After the devotional we all separate into our individual projects. Impacto Juvenil is doing community projects right now. I was prepared to jump from community to community, taking photos of work the kids are doing to better their neighborhoods. However, it appears everyone is still getting quotes and figuring out logistics, so my week will be a normal one. Full, but not as crazy as I imagined.

Star and I got the chance to talk to our boss about inconsistency at the swimming class. Our boss immediately said she will take care of it. I love the way she gets things done.

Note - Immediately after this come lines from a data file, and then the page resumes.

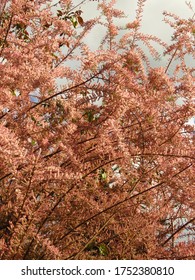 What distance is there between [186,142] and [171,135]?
133 millimetres

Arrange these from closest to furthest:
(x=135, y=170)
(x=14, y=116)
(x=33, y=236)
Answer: (x=33, y=236)
(x=135, y=170)
(x=14, y=116)

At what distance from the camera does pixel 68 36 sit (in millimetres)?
3281

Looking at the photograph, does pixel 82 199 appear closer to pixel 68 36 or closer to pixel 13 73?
pixel 13 73

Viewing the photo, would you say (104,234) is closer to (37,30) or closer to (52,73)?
(52,73)

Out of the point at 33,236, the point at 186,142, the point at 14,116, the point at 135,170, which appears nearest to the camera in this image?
the point at 33,236

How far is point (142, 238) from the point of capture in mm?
2703

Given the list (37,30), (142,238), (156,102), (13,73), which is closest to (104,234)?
(142,238)

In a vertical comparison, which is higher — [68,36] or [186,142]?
[68,36]

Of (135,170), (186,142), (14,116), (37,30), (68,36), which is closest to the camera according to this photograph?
(135,170)

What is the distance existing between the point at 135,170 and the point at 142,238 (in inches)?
18.9

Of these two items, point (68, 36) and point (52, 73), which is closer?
point (52, 73)

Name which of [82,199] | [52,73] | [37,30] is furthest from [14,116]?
[37,30]

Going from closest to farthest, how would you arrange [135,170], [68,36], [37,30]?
[135,170], [68,36], [37,30]

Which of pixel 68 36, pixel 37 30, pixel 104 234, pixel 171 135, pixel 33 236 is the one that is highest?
pixel 37 30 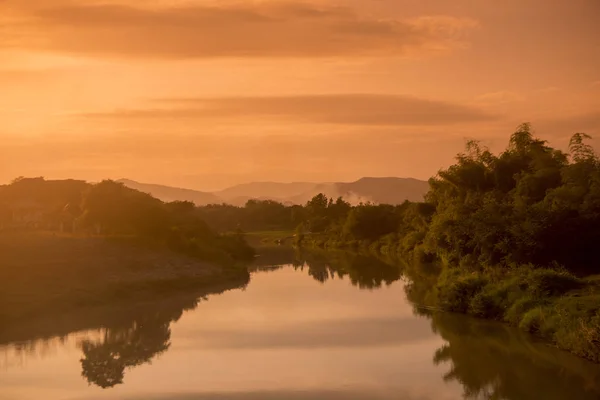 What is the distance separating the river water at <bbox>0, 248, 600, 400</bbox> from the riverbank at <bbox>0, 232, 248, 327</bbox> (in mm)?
2295

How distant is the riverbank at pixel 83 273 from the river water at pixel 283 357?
7.53 ft

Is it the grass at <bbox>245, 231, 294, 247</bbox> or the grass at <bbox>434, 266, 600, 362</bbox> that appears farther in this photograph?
the grass at <bbox>245, 231, 294, 247</bbox>

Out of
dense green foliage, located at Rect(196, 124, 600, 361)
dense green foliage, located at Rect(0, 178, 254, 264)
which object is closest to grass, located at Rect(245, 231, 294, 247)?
dense green foliage, located at Rect(0, 178, 254, 264)

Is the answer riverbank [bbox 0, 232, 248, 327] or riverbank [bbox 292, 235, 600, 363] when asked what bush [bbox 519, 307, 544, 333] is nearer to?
riverbank [bbox 292, 235, 600, 363]

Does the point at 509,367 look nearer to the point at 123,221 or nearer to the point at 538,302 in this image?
the point at 538,302

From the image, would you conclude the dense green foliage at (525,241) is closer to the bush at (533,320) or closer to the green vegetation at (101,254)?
the bush at (533,320)

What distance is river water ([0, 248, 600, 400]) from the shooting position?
71.9 feet

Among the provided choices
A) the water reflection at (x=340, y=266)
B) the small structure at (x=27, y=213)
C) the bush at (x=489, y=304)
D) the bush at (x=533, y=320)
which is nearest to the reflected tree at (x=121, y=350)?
the bush at (x=489, y=304)

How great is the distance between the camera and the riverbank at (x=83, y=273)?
37281 millimetres

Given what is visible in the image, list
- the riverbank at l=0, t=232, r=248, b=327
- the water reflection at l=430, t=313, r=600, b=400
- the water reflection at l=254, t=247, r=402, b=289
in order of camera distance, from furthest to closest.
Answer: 1. the water reflection at l=254, t=247, r=402, b=289
2. the riverbank at l=0, t=232, r=248, b=327
3. the water reflection at l=430, t=313, r=600, b=400

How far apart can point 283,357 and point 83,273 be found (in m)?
19.8

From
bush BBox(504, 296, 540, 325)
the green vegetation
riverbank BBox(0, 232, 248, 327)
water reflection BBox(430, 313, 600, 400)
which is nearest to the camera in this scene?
water reflection BBox(430, 313, 600, 400)

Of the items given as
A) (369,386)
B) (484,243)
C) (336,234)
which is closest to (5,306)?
(369,386)

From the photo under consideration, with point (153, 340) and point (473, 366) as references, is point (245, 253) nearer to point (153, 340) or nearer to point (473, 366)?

Also, it seems we they may have resolved a problem in one of the communities we serve. The working relationship at that location between the people there and my coworkers (as well as the kids we serve) is strained. For more than six months we've been looking for another meeting place that's safe and still convenient for the kids. We may have found one! That would be a huge blessing.

Lastly, I am super excited to say that the therapist in Los Pinos asked a special favor of me today. He wondered if I would accompany him, Lorenzo, Carlos and Junior on an outing! I said of course!! I was so happy he thought of me! He said he knows how special I am to those boys. He's been looking for a way to reward them for their hard work at school. They have all been studying like crazy and working harder than ever since the meeting with their Mom after Easter. He wants to show them that dedication pays off. Sometime before I visit the US we will all go out together as a reward for their hard work. That will be a great day!

He is also starting a special tutoring project for kids with learning disabilities in Los Pinos based on the needs he sees with Lorenzo. I am so happy to see the kids I fell in love with when I first moved to Honduras get their emotional, psychological, and educational needs met!

Many things have been coming full circle in my life lately. Although I really don't want to leave Honduras for three months, I have peace knowing that the kids will all be in loving and capable hands while I'm gone. I can relax and enjoy my time there. At the same time, with all of these cool projects going on I fully look forward to coming back.